I enjoyed this weekend, even with the untimely addition of my period added into the mix.
The natural domesicity that I find with Mr.3 is infinitely comfortable, and in such a little disconcerting...he is perfect, his faults are not faults at all but little character points that make me love him more and more. And yes, I said love, that is what is frightening...I feel like I am falling in too fast, I find myself wanting to say things that I know are way to soon to be said. I can imagine him reading this and freaking, please don't, you were warned that this was my head you were entering into, I claim immpunity. I think that I worry that I will screw this up somehow. today would be the 2 week anniversary of our first lunch together, I guess that you could call it a date. My longest relationship was like 3 weeks...but I have never been committed to anything like I am this, and I have never enjoyed every second spent with a person like this.

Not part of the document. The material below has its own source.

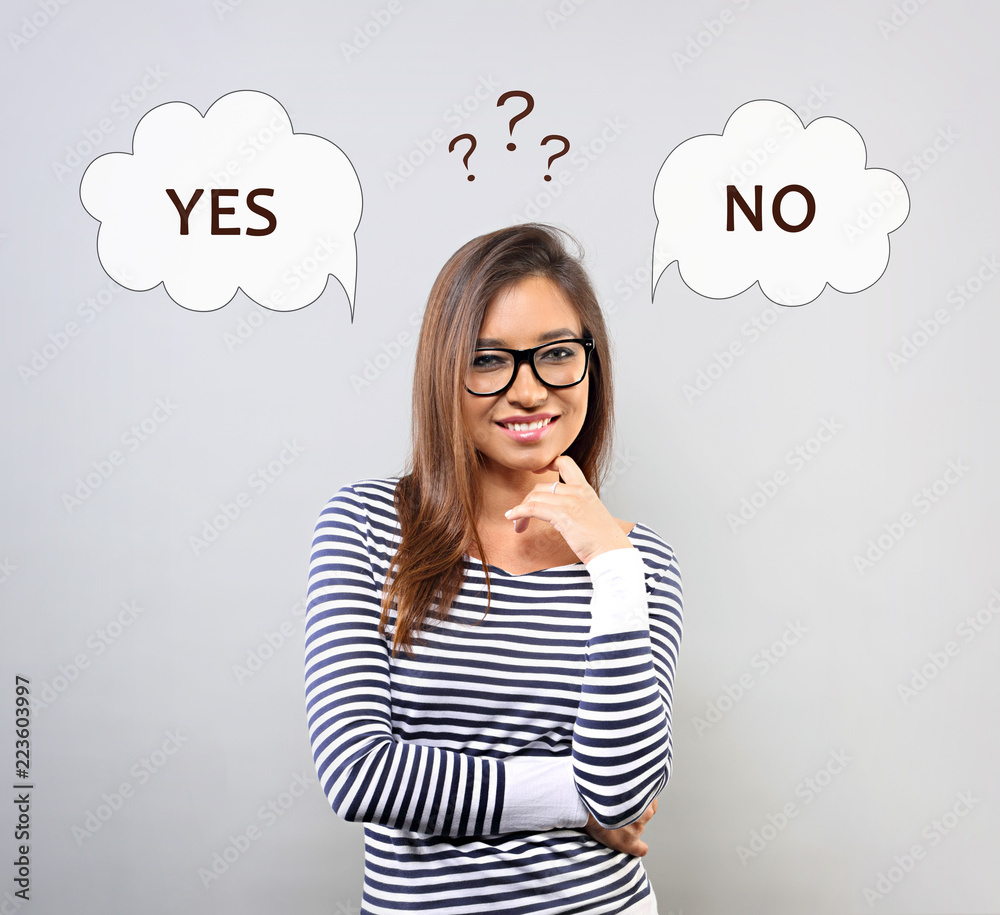 Thinking smiling young latina woman in glasses with two empty choice bubble above with yes and no answers and questions above the head on blue background Thinking smiling young latina woman in glasses with two empty choice bubble above with yes and no answers and questions above the head on blue background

There was a question about the lipstick and eyeglasses story...it deals with a naughty librarian fantasy of Mr.3's...and it was fun. On Saturday night we got invited to a wine and cheese party at one of the professor's houses in my department. It was nice to socialize, show Mr. 3 off, and have an opportunity to wear fishnets and heels in public.
An odd moment, that was appreciated greatly by me: the "ohh!" of surprise when while taking a shower together I could put my palms on the shower floor.